Wir sind „Dekadente“, obgleich auch unsere „Dekadenz“ vielleicht etwas Verwandtes, Volkliches, Russisches ist – das nicht von außen, sondern von innen kommt, nicht aus Westeuropa, sondern aus der Tiefe, aus dem blutverwandtesten Mutterschoß der russischen Erde (ist denn Dostojewski vom Gesichtspunkte des klassischen, akademischen Puschkin nicht „dekadenter“ als wir alle?); vielleicht ist auch unsere „Dekadenz“ gleichfalls etwas Historisch-Natürliches, etwas Notwendiges, denn was sind wir anderes, als das natürliche und notwendige Ende der russischen Literatur, die selbst das Ende von etwas noch Größerem ist? Mögen wir die Schwächsten der Schwachen sein. „In der Schwäche vollendet sich unsere Kraft.“ Unsere Kraft aber besteht darin, daß uns selbst der Mächtigste aller Teufel mit keiner einzigen Verlockung der ewigen Mittelmäßigkeit, des unendlichen „Fortschritts“ gewinnen kann. Wir nehmen keine Durchschnittsphilosophie an, denn wir glauben an das Ende, sehen das Ende, wollen das Ende, denn wir selbst – sind das Ende oder wenigstens der Anfang vom Ende.
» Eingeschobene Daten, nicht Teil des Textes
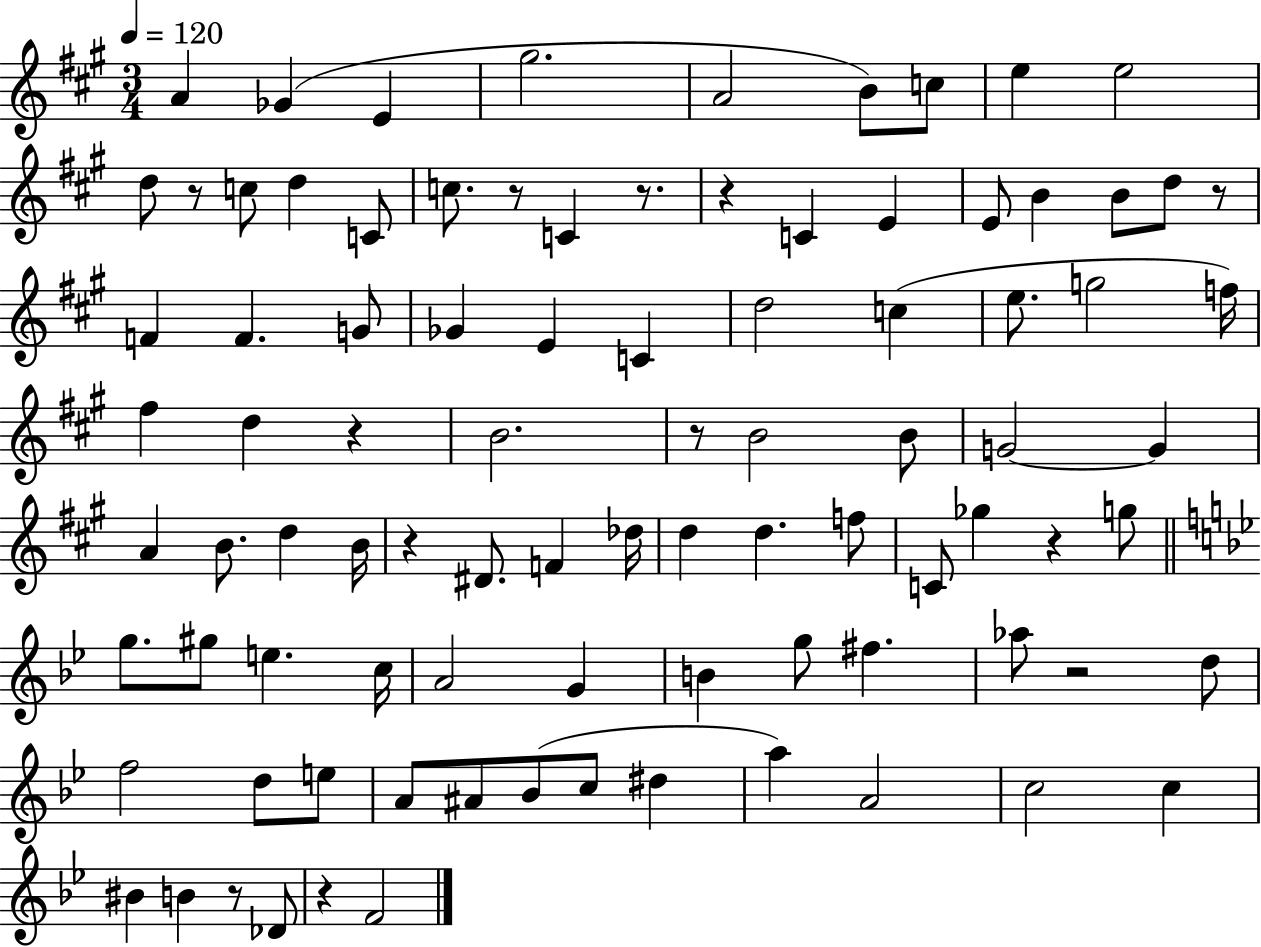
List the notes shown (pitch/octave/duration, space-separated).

A4/q Gb4/q E4/q G#5/h. A4/h B4/e C5/e E5/q E5/h D5/e R/e C5/e D5/q C4/e C5/e. R/e C4/q R/e. R/q C4/q E4/q E4/e B4/q B4/e D5/e R/e F4/q F4/q. G4/e Gb4/q E4/q C4/q D5/h C5/q E5/e. G5/h F5/s F#5/q D5/q R/q B4/h. R/e B4/h B4/e G4/h G4/q A4/q B4/e. D5/q B4/s R/q D#4/e. F4/q Db5/s D5/q D5/q. F5/e C4/e Gb5/q R/q G5/e G5/e. G#5/e E5/q. C5/s A4/h G4/q B4/q G5/e F#5/q. Ab5/e R/h D5/e F5/h D5/e E5/e A4/e A#4/e Bb4/e C5/e D#5/q A5/q A4/h C5/h C5/q BIS4/q B4/q R/e Db4/e R/q F4/h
In unseren Augen liegt ein Ausdruck, der noch nie in Menschenaugen gelegen hat; in unseren Herzen ist ein Gefühl, das kein einziger Mensch nun schon seit neunzehn Jahrhunderten mehr empfunden hat, seit der Zeit, als dem Einsiedler von Pathmos die Vision erschien: „Und der Geist und die Braut sagen: komm! und der es hört, sage: komm! Es spricht, der solches zeuget: wahrlich, ich komme bald! Amen. Wahrlich, komme, Herr Jesus Christus!“

Wir sind wie Gräser auf dem äußersten Rande eines steilen Abhanges, auf einer Höhe, wo nichts mehr wächst. Dort unten in den Tälern reichen hohe Eichenbäume mit ihren Wurzeln bis tief hinein in die Erde. Wir aber sind die Schwachen, Kleinen, von der Erde aus kaum Sichtbaren, wir stehen unbeschützt vor allen Winden und Stürmen, fast wurzellos, fast verwelkt. Dafür stehen wir früh morgens, wenn die Wipfel der Eichen noch dunkel sind, schon im Licht; wir sehen das, was noch niemand sieht; wir sind die ersten, die die Sonne des großen Tages sehen; wir sind die ersten, die zu Ihm sagen:

„Wahrlich, Herr, komme!“

Dmitri Mereschkowski.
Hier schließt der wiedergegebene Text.